Tech review: Samsung Galaxy Z Fold2 5G shows the unfolding future

The Samsung Galaxy Z Fold2's cover display has increased to 6.2 inches from the Fold's 4.6 inches. PHOTO: SAMSUNG

If I had been working in the office instead of working from home, I think I would have spent more time answering my colleagues' questions about the Samsung Galaxy Z Fold2 5G than writing about it.

This is the successor to the Fold - Samsung's first foldable smartphone that was launched last year.

Its overall design does not differ much from the original.
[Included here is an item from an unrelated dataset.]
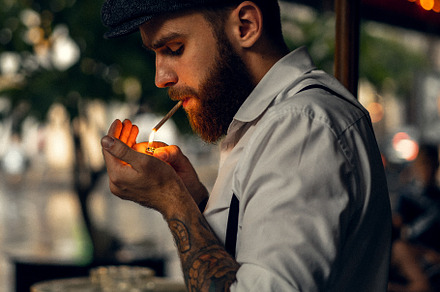 Young bearded man in a cafe, a Person Photo by EVA.studio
When folded, the Fold2 looks like a normal smartphone, with a side power button doubling as fingerprint sensor. When unfolded, it becomes a tablet.

It is a design that addresses a perennial issue smartphone makers face - balancing one-hand usage with providing bigger screens.
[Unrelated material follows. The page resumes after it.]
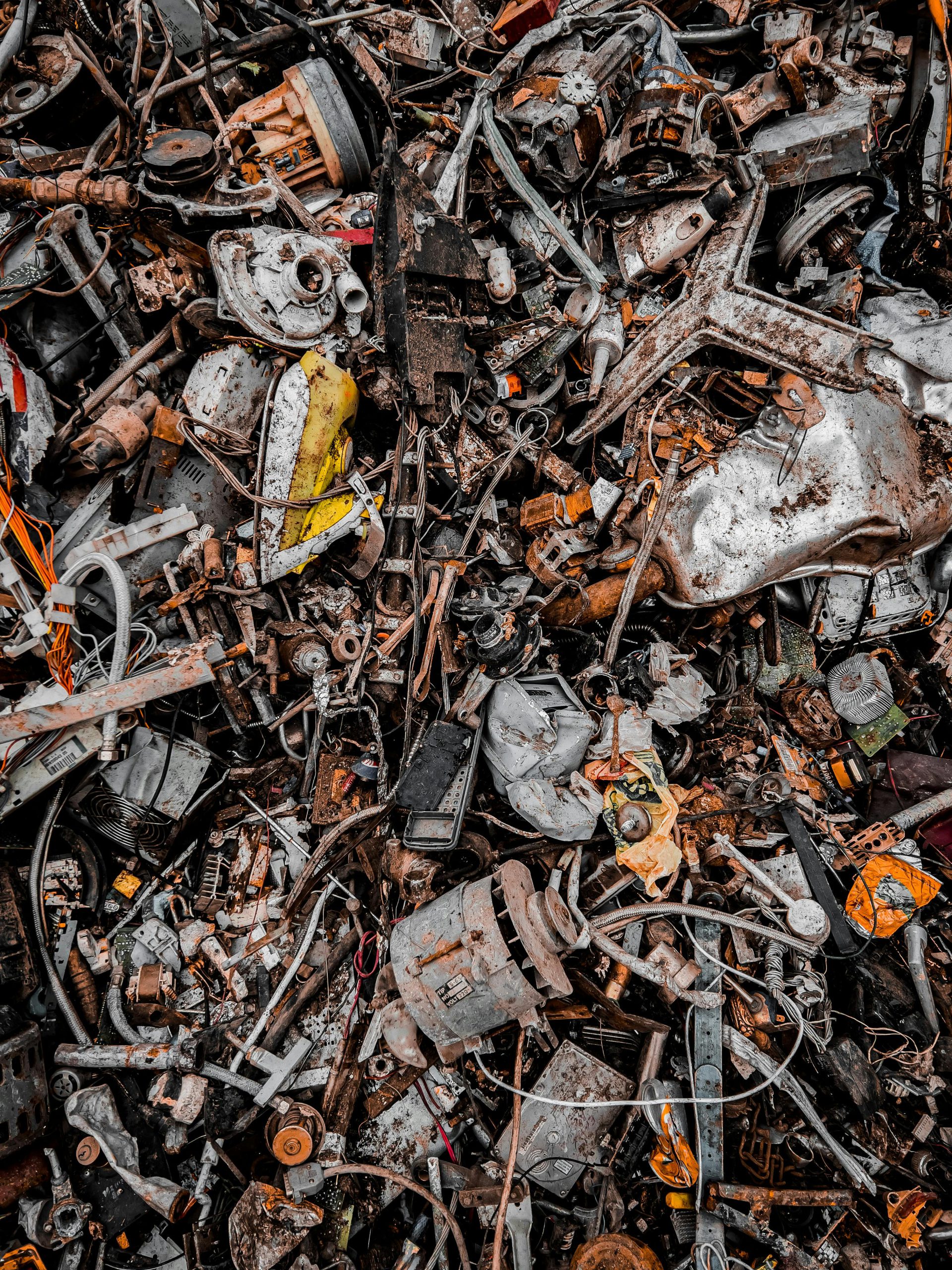 A chaotic pile of metal scrap and waste, showcasing decaying and rusty components in an industrial setting.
There are slight changes in the Fold2 from the original. First, its cover display has increased to 6.2 inches from the Fold's 4.6 inches, addressing one major complaint of the original. You shouldn't have to squint when looking at this screen now. It also looks more like a normal smartphone, albeit a rather long and thick one.

It unfolds into a 7.6-inch tablet (up from the original's 7.3-inch size) with a thin side profile and tiny bezels - achieved by getting rid of the camera notch of the original and replacing it with a 10-megapixel (MP) hole-punch camera.
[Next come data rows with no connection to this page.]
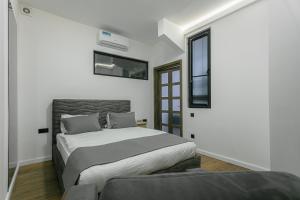 a white bedroom with a bed and a window at Luxe Apartment in Center in Yerevan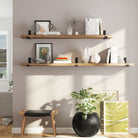 Two wooden floating shelves with different length options styled with books, decor items, and minimalistic frames. A modern, airy setup with natural light, emphasizing simplicity and functionality.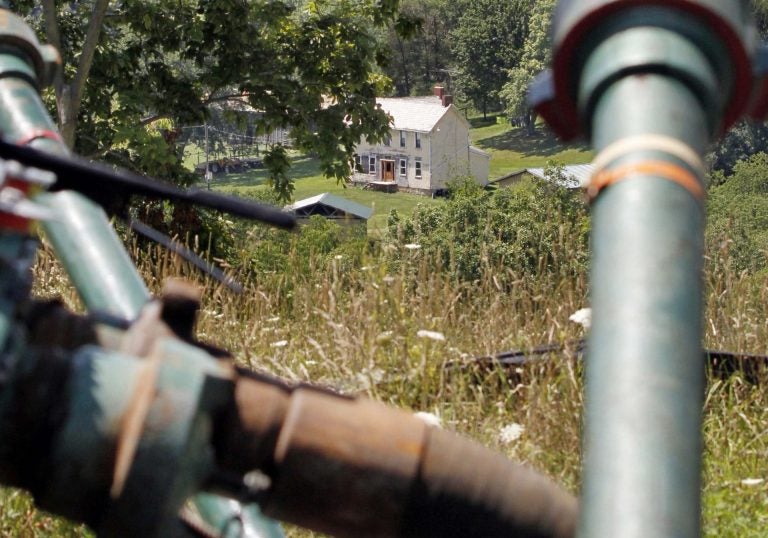 This July 27, 2011 file photo shows a farmhouse in the background framed by pipes connecting pumps where the hydraulic fracturing process in the Marcellus Shale was underway at a Range Resources site in Claysville, Pa. (Keith Srakocic/AP Photo)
This main display has an adaptive refresh rate that goes up to 120Hz, allowing for smooth visuals whether it is browsing the Internet or playing games.

At the rear of the smartphone is a triple-camera with a 12MP ultra-wide-angle camera, a 12MP wide-angle camera and a 12MP telephoto camera with 2x optical zoom. The cover display has a 10MP front-facing hole-punch camera.

It comes in black and bronze (version tested). Both models look gorgeous, though I just love the glamourous bronze finish, which seems to change colour as light hits it at different angles. The bronze model also has a back with a matte finish that makes it less susceptible to fingerprints and smudges.

The Fold2 feels more well-made than the original, from what I can remember from my brief hands-on time with the Fold.

The hinge mechanism feels sturdier and has more resistance. Thus, you cannot unfold the Fold2 with one hand like you can with the original. You have to open it like a book.

The crease in the middle of the main display is still evident, especially when you look at it from an angle. But this shouldn't be too much of an issue as most of the time, you will be looking at it straight on. And I really don't feel its presence when I was reading Google news, browsing the Internet or playing games.

The main display looks really sharp and vibrant. It is a shame that its refresh rate cannot be set at 120Hz all the time. You can only set the display to either the adaptive mode - which changes the refresh rate automatically to up to 120Hz depending on the content displayed - or the standard 60Hz mode.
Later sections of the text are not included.